**Extracted records**
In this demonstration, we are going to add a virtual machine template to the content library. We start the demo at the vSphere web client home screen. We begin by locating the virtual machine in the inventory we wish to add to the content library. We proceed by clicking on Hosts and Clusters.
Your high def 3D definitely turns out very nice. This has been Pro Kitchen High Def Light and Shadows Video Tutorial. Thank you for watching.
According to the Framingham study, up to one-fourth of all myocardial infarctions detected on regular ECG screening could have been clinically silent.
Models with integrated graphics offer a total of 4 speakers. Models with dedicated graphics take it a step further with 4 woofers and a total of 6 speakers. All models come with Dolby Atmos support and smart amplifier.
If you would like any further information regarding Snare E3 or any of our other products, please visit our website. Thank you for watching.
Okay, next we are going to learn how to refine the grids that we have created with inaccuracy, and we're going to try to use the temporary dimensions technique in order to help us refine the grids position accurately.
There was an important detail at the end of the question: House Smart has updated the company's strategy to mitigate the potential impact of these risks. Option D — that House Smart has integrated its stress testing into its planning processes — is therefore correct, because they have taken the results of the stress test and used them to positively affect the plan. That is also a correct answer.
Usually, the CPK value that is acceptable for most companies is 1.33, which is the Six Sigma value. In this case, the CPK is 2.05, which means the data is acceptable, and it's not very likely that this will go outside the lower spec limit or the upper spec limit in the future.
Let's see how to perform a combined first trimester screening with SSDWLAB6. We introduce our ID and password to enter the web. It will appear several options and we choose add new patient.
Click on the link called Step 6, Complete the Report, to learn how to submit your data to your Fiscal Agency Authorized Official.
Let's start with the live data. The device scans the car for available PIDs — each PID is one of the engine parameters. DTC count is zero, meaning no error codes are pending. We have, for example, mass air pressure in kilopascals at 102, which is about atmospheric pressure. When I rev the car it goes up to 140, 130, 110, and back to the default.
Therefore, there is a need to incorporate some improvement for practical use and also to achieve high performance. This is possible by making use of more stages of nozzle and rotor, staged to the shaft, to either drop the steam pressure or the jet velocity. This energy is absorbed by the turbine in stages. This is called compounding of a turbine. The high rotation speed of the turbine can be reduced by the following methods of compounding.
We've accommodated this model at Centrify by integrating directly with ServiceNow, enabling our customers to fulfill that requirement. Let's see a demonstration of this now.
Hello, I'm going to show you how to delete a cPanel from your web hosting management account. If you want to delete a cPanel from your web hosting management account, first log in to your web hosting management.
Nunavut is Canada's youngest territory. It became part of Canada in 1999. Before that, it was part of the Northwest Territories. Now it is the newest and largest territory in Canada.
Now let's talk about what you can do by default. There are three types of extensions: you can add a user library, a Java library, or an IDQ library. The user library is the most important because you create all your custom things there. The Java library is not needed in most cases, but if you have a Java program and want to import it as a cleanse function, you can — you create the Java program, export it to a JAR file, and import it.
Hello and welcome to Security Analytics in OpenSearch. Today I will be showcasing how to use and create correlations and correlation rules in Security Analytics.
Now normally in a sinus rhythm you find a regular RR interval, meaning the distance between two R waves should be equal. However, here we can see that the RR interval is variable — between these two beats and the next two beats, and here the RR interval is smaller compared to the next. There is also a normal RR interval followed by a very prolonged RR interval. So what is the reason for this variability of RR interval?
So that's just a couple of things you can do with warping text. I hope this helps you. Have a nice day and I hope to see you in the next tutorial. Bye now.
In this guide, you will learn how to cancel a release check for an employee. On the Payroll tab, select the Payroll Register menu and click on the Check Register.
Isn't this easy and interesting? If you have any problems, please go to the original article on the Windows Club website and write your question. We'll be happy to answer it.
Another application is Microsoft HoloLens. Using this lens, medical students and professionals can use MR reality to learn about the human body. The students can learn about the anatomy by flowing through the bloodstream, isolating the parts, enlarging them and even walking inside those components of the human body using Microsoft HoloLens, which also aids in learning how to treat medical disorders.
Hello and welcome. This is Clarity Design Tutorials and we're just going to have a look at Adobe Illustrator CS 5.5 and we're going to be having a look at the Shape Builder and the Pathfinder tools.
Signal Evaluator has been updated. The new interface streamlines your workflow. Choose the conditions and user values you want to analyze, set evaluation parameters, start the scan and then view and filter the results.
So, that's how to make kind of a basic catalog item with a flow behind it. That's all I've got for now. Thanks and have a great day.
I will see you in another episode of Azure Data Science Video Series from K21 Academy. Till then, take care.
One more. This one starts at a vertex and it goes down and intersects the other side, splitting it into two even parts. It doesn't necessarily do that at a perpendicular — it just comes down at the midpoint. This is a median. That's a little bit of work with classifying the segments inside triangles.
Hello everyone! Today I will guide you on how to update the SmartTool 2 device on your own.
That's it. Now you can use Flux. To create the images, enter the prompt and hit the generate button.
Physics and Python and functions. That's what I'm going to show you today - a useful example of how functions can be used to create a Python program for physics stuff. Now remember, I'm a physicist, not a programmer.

**Task requirements**
In the material above, the line with "One more. This" marks the start. Print it and every line after it through the last, exactly.

**Reply to the task**
One more. This one starts at a vertex and it goes down and intersects the other side, splitting it into two even parts. It doesn't necessarily do that at a perpendicular — it just comes down at the midpoint. This is a median. That's a little bit of work with classifying the segments inside triangles.
Hello everyone! Today I will guide you on how to update the SmartTool 2 device on your own.
That's it. Now you can use Flux. To create the images, enter the prompt and hit the generate button.
Physics and Python and functions. That's what I'm going to show you today - a useful example of how functions can be used to create a Python program for physics stuff. Now remember, I'm a physicist, not a programmer.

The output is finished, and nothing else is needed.